-- Data for the task follows --

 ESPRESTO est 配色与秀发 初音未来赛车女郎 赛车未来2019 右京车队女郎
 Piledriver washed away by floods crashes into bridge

-- Data for the task concluded --
-- Data for the task follows --

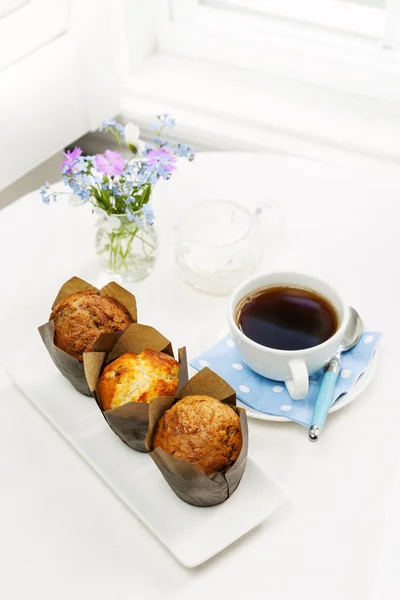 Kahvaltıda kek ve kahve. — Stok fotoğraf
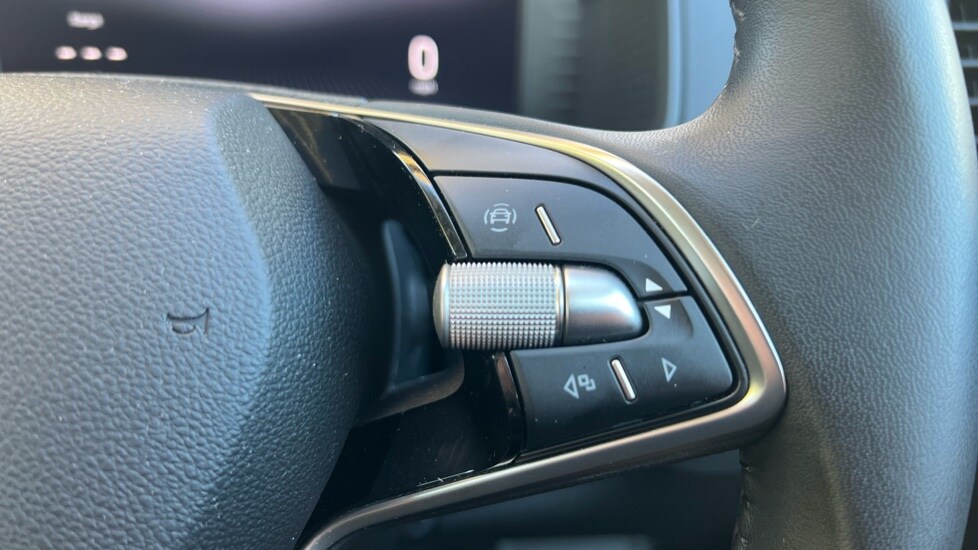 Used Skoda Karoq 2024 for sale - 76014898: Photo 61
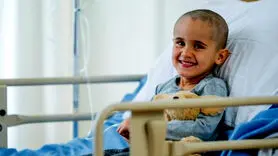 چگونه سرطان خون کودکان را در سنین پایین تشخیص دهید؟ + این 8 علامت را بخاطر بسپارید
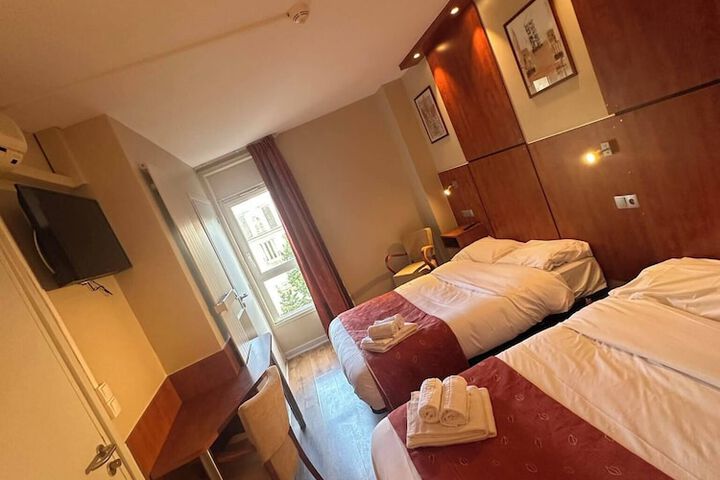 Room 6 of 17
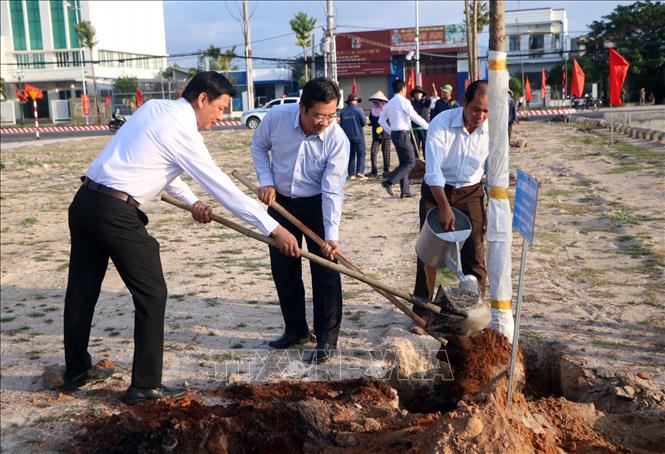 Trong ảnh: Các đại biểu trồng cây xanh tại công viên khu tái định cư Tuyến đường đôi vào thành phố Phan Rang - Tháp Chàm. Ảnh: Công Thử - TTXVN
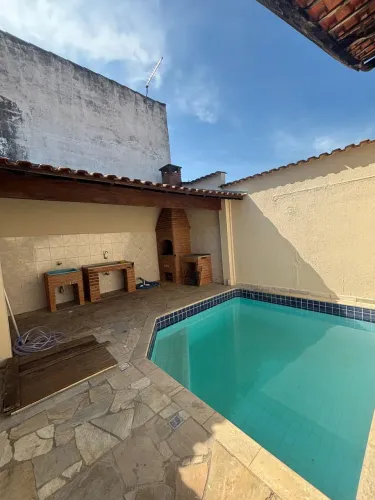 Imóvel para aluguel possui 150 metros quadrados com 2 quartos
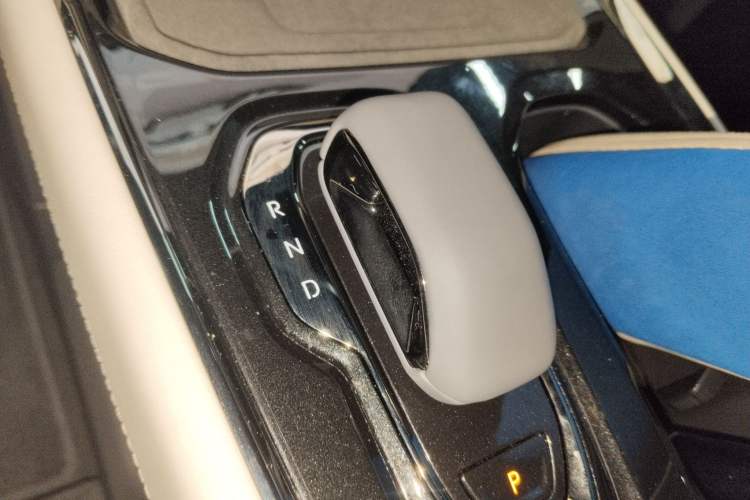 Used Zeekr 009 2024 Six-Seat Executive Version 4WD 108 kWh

-- Data for the task concluded --

▶ _Your task_: Print, exactly, each line above from the one with "Room 6 of 17" to the one with "Used Zeekr 009", end lines included. Leave pictures out of it.

▶ _Response_:
 Room 6 of 17
 Trong ảnh: Các đại biểu trồng cây xanh tại công viên khu tái định cư Tuyến đường đôi vào thành phố Phan Rang - Tháp Chàm. Ảnh: Công Thử - TTXVN
 Imóvel para aluguel possui 150 metros quadrados com 2 quartos
 Used Zeekr 009 2024 Six-Seat Executive Version 4WD 108 kWh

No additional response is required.